Jakarta, Gesuri.id - Ketua DPP PDI Perjuangan Deddy Sitorus mengakui, hadirnya Jokowi dalam panggung politik di Indonesia merupakan kesalahan besar. PDI Perjuangan tidak menyangka Jokowi yang dididik jadi kader, justru merusak demokrasi di akhir masa jabatannya sebagai presiden.
Deddy menyampaikan permohonan maaf mengenai hadirnya Jokowi dalam politik Tanah Air.
"Terus terangnya, mohon maaflah Jokowi hadir dalam panggung politik dosa kita [kami-Red], tapi kan kita enggak dosa dengan kelakuannya semua, kan," kata Deddy saat menghadiri rilis survei dari Nagara Institute dengan tema Toleransi Pemilih Terhadap Politik Dinasti pada Pemilu dan Pilkada 2024 di Kantor Nagara Institute, Tebet, Jakarta Selatan, Kamis (19/12).
"Masa kita harus tanggung jawab juga [semuanya]? Yang bener aja dong kita tanggung jawab, dia (Jokowi bertanggung jawab) sama Tuhan," tambahnya.
PDI Perjuangan adalah kendaraan politik Jokowi saat meniti karier sebagai wali kota Solo dua periode, gubernur Jakarta, dan presiden dua periode. Anak dan menantu Jokowi juga memakai PDI Perjuangan sebagai kendaraan untuk maju wali kota Solo (Gibran RR) dan wali kota Medan (Bobby Nasution).
Anggota Komisi II DPR yang dikenal vokal ini mengatakan, sistem politik di Indonesia sebenarnya sudah sangat baik jika dijalankan sebagaimana mestinya.
Akan tetapi, pada praktiknya, para elite politik menjadi pihak yang merusak demokrasi. Melalui politik uang hingga pihak yang ingin terus berkuasa menggunakan berbagai macam cara.

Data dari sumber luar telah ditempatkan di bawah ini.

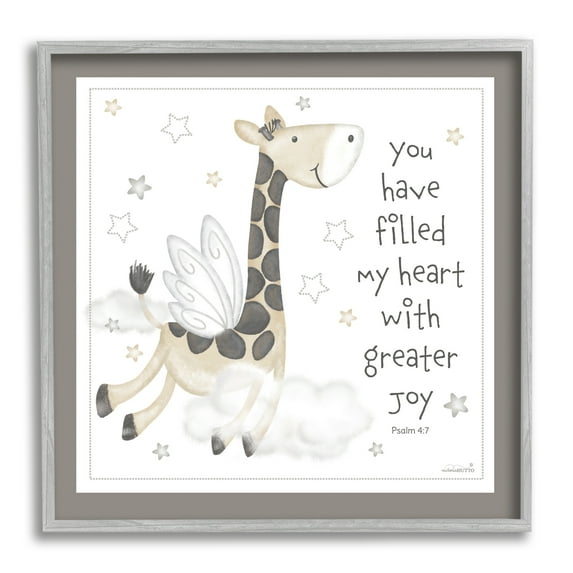 Stupell Industries Psalm Verse Giraffe Animals & Insects Painting Gray Framed Art Print Wall Art, 12 x 12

"Saya sepakat, apa sih jantung dari demokrasi? Ya, pemilu. Karena demokrasi itu berasal dari kata demos [rakyat] dan kratos [kekuasaan]. Dari situ aja kan sudah jelas definisinya. Artinya kekuasaan oleh rakyat. Bukan kekuasaan rakyat yang diwakilkan, makanya prinsip pemilu adalah langsung, umum, bebas, rahasia," ucap Deddy.

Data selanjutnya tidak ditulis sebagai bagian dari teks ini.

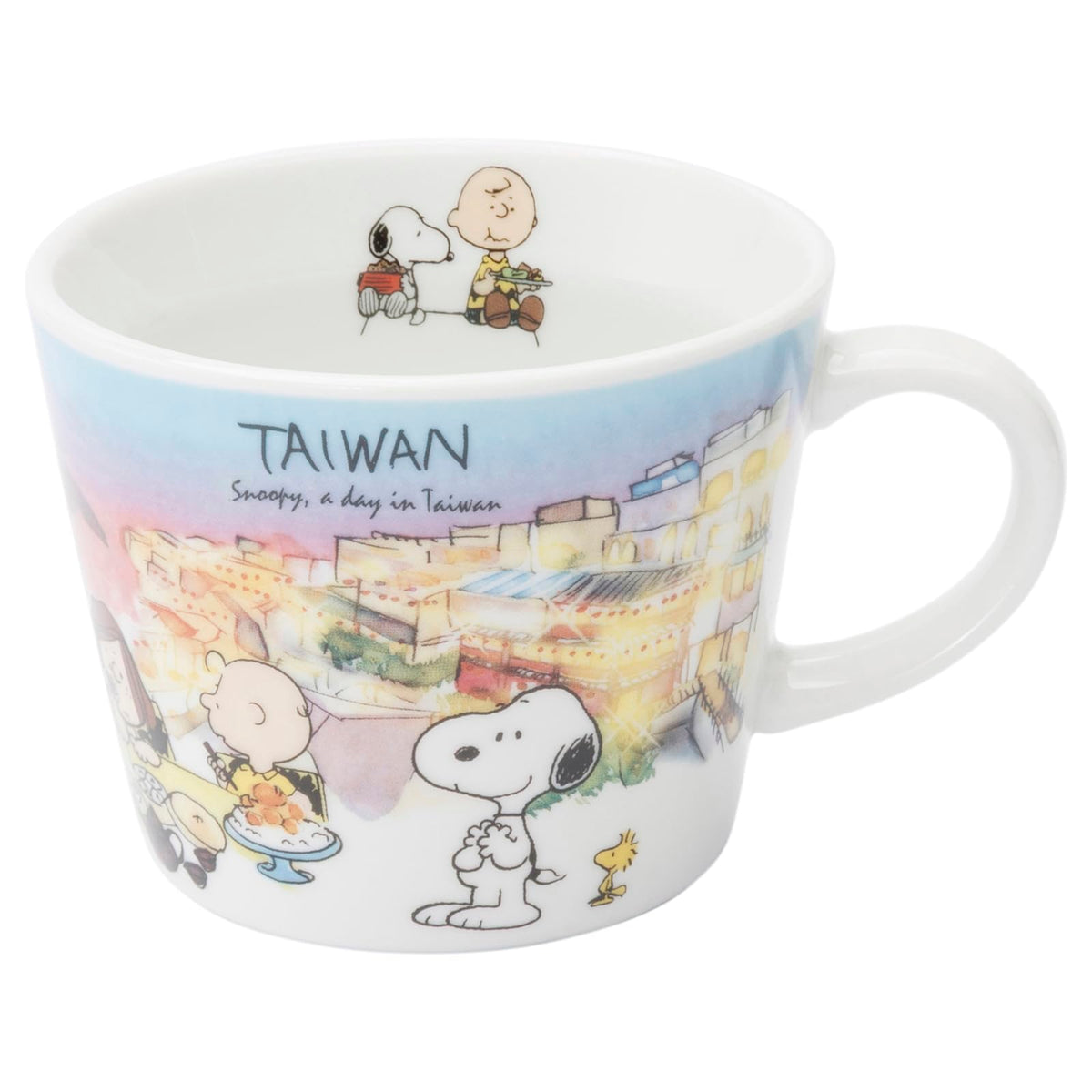 Peanuts 889370 Snoopy World Travel Taiwan Mug, Cup, Diameter Approx. 3.9 x Height 3.1 inches (10 x 8 cm), Capacity: Approx. 11.2 fl oz (340 ml), Microwave and Dishwasher Safe, Made in Japan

Deddy menekankan, rusaknya demokrasi, tidak fair jika menyalahkan rakyat. Ia menegaskan, yang harus bertanggung jawab adalah elite politik dan partai.
"Siapa yang rusak? Rakyatnya? Ya elitenya, calonnya, partainya. Karena apa? Karena memang itu tadi pelembagaan partai politik itu enggak jalan, rekrutmen itu enggak jalan dengan baik. Itu problem, luar biasa, jadi jangan salahkan rakyat," ujar Deddy.

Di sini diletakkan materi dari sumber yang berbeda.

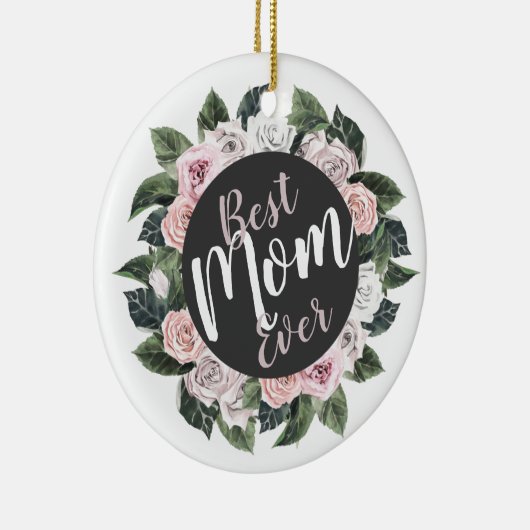 Best mam Ever Floral Foto Keramisch Ornament (Rechts)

"Kenapa rakyat akhirnya mau terima (duit)? 'Ya gue 5 tahun enggak tahu lu (calon anggota dewan dan kepala daerah) ngapain, lu dateng lagi minta suara gue, bayar dong. Lu kan dapet gaji, dapet privilege, masa kita gak dapet apa-apa'. Akhirnya kan orang berpikir seperti itu," pungkasnya.